Bauckman House // 1915

The Arts & Crafts movement in architecture provided some of the most stunning and well-designed properties of the early 20th century but sadly, there are not too many examples here in New England. When I find some, I always get excited and pull over to snap a photo! This home on busy Beacon Street in Waban, Newton, was built in 1915 for Harry W. Bauckman a salesman in Boston. The designs are credited to architect James G. Hutchinson, who specialized in Arts & Crafts and Tudor style buildings in the area. The Bauckman House is Foursquare in form which basically segments the house into four, large rooms on each floor with a stairhall in the center. The home is clad with banded shingles which extend to the piers at the porch, a subtle nod to Shingle style architecture. SWOON! I was later informed by a follower that this was also the home of landscape historian and author Judith Tankard for some time.

James H. Gardner House // 1923

My favorite part about the Boston suburbs is the sheer number of well-preserved early 20th century residences. The collection of Colonial Revival, Tudor, and Arts and Crafts style houses found in Waban Village, Newton, are among my favorites. This two-story stucco-clad house enclosed by a slate gable roof with exposed rafter ends was built in 1923 from designs by architect Harry Morton Ramsay. Ramsay was hired to design dozens of middle-upper class houses in Newton during its period of rapid development in the early 20th century. The original owner was James H. Gardner, who lived here with his family and a maid for a couple decades.

Harry Gregg House // c.1910

Harry A. Gregg, was the son of David Gregg, a lumber dealer and wooden goods manufacturer who built a mansion in Wilton’s East Village. Harry followed in his father’s footsteps, running the day-to-day business out of their Nashua, NH offices. With a lot of spare money, Gregg purchased pastoral land in Wilton Center and built a summer residence which may have also served as a gentleman’s farm. The Arts and Crafts style home showcases the best in the style with rubblestone, shingles, organic forms and exposed rafters. The house is pretty perfect!

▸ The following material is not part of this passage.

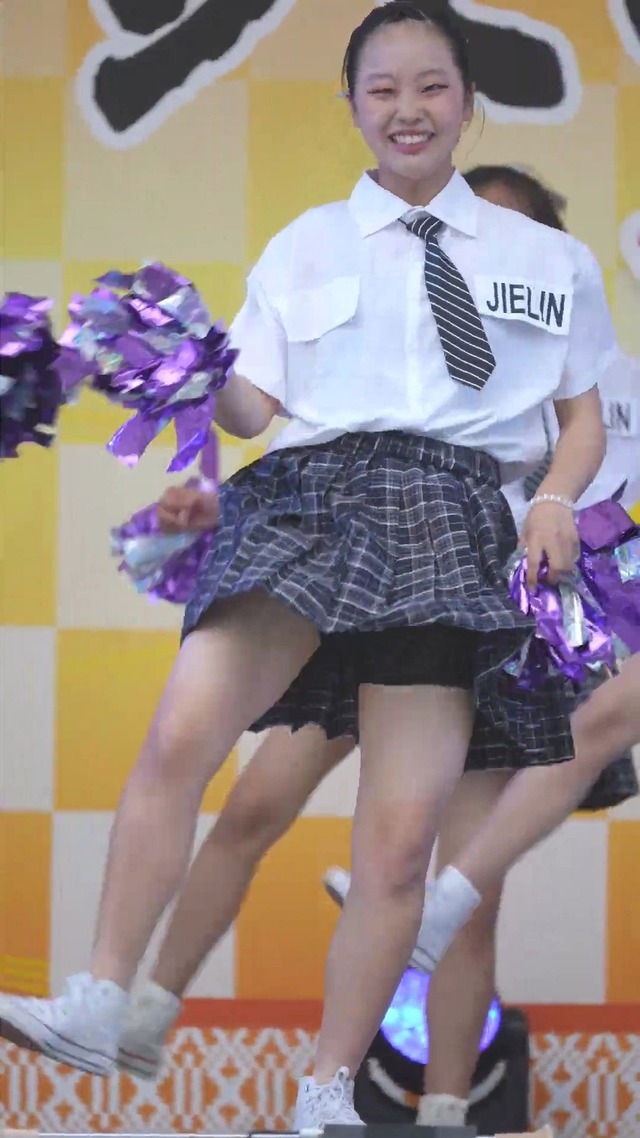 制服チェックプリーツミニスカートＪＣＪＫチアガールチアリーダーパンチラ (104)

Chemical Engine #13 Firehouse // 1909

Just a block from the Bethel AME Church (last post) in Jamaica Plain, Boston, you will find this absolutely charming old fire station. The station was built in 1909 about the same time as the new Forest Hills Train Station was completed, signaling a huge population and development boom in the area. To provide emergency and fire service to the newly developing neighborhoods surrounding the train station, the City of Boston hired the architectural firm of Moller and Smith to design a new station that would allow for horses and related apparatus as well as a new fire automobile to enter the building. The Arts and Crafts style building is constructed of brick supported by structural steel finished with Carolina pine at the interior. The building retains its pyramidal hipped roof in slate and a unique corner tower capped with a castellated parapet.